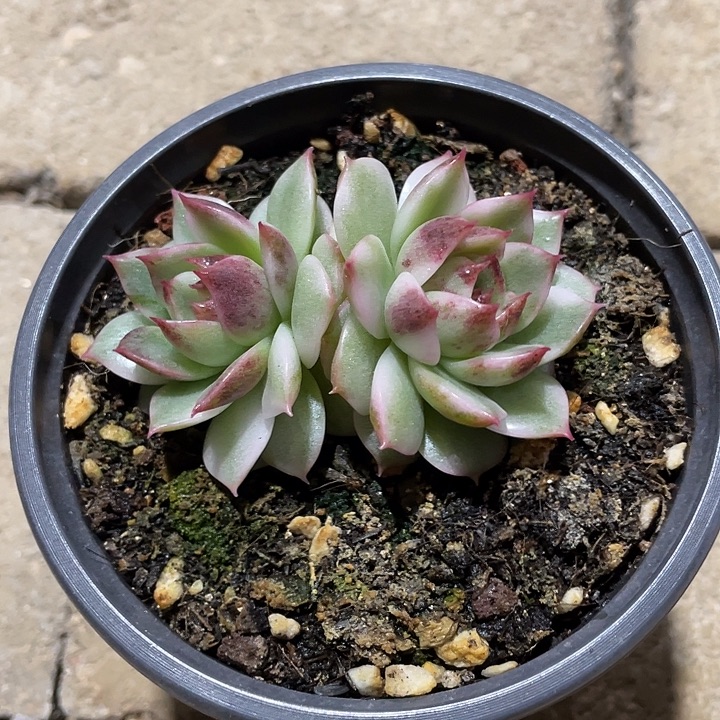 黑水晶锦一物一拍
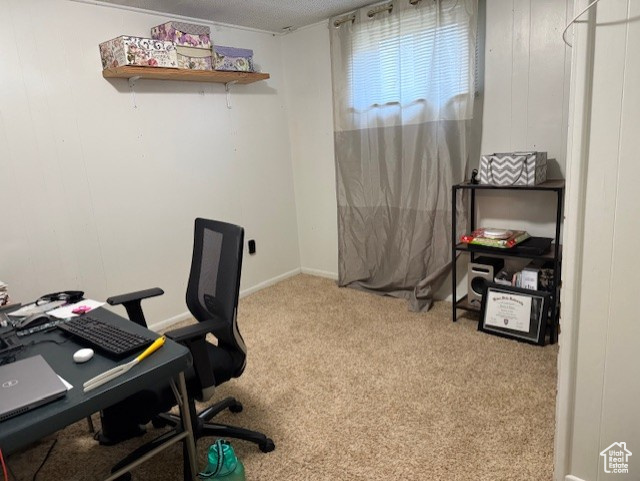 Carpeted home office with baseboards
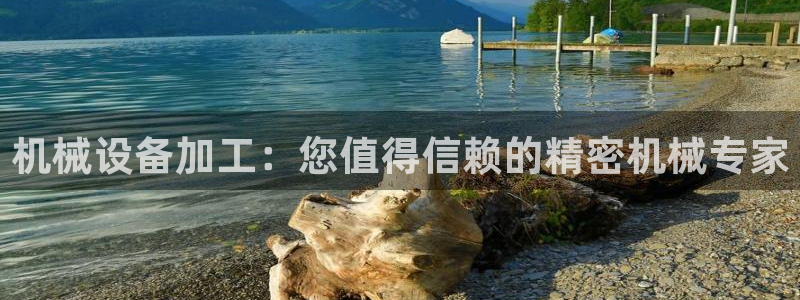 九游会agj9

┄┄┄┄┄┄┄┄┄┄┄┄┄┄┄┄┄┄┄┄

* [Exercise description]:
Return the data exactly. Do not carry over any images.

* [Answer]:
 黑水晶锦一物一拍
 Carpeted home office with baseboards
 九游会agj9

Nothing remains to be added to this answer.